Luckily, searching through items is a pretty common computing issue; consequently, there's many solutions developers cleverer than myself have devised for speeding searches up, or at least making them seem snappy. I'd suggest you look pick a combination of the items listed below (and search for more!). I can't provide implementations them without writing an epically long answer (maybe another SO'er will oblige) but hopefully they'll help your search!

  • Return results to the UI as they're gathered - This one requires no fundamental change to your approach, nor does it make it faster, but immediate UI feedback is psychologically speaking very important and keeps the user's attention.

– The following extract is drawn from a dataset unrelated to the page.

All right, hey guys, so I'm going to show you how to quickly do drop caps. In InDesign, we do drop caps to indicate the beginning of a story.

  • Narrow down the query - Are they searching for LHR, TPE, or any three-lettered phrase? It's likely that they are searching for an ICAO id. Perform your search through the ICAO ID's first and echo them to the UI asap. Checking their IP, are they seaching from a computer based in England? If they are, you could prioritize airports in England, etc. For many cases, this will complete most people's searches without having to go through all possible permutatitons. Of course, step to full-permutation searches after these shortcuts incase they're doing non-standard searches.
  • Subset previous query answers - If they searched for Lon and the search retrieved London Heathrow, London Gatwick, and Londrina, then a follow-up search for Londo is only ever going to return a subset of those responses. This requires that you hold the state of previous requests (and responses), and could be complicated to implement in practice.

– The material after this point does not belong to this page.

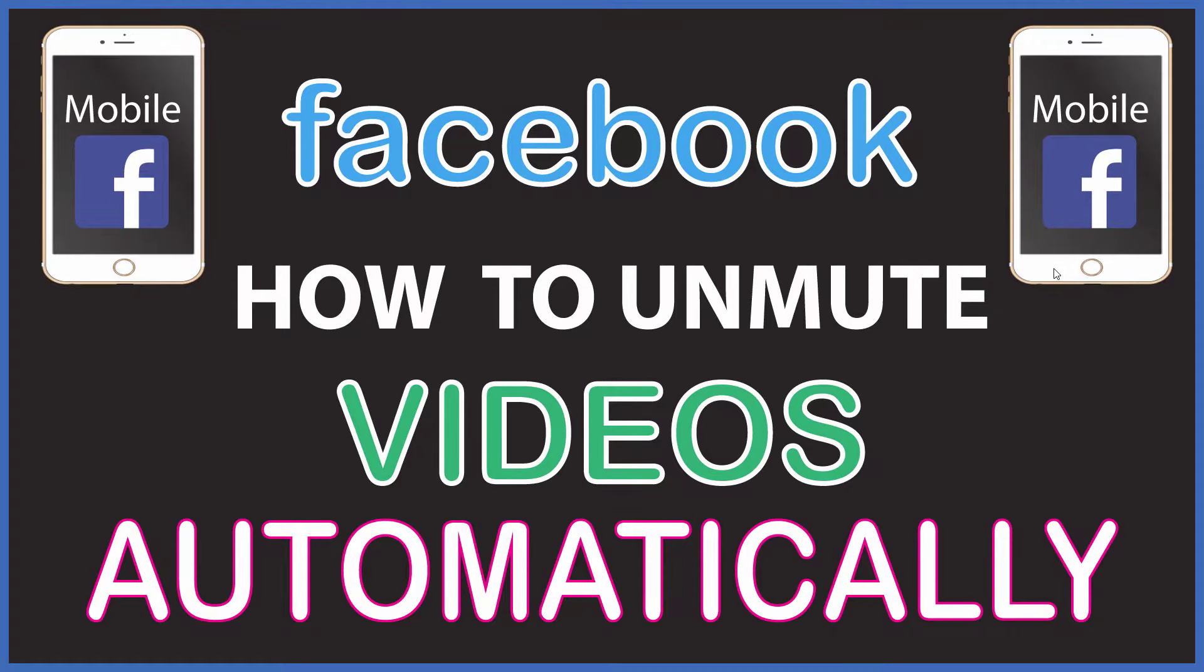This is going to be a video tutorial on how to unmute videos automatically on the Facebook app. I'll be using an iPhone for this, but the steps should be very similar on other devices. Let me jump over to my phone.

  • Presort and index _airports.AirportList and use a different search algorythm - At the moment, you're linearly searching through the airports, which has O(n) complexity. Provided you're OK with initially searching with StartsWith rather than Contains, using a binary search would nock the algorythm down to O(log n) which, if there's alot of airports, will end up faster. Presort your _airports.AirportList by IcaoId, IcaoName, City, Country into separate indexes / lists (if you have the memory to spare) and binary search against those.
  • If that doesn't work, take up drinking (and micro-optimize) - You could pre-emptively ToLower your _airports.AirportList so that you're not having to constantly lowercaps them when searching. You could take advantage of cache optimization and flatten _airports.AirportList into parallel List<IcaoId>, List<IcaoName>, etc. You could statistically analyze your clients' search habits and optimize your searches around them (e.g 90 % are using two airports, always have those airports top of the search pile). You could offload the search onto a 3rd party service that does have the computing power to do it almost instantaneously (I'D SERIOUSLY CONSIDER THIS ONE). You could multithread the entire process. You could rewrite it in C++ and get annoyed when that one class you wrote 2 months ago memory leaked all over your phone. You could find evidence that implicates your boss in a sex scandal and blackmail him/her, avoiding this problem all over, etc.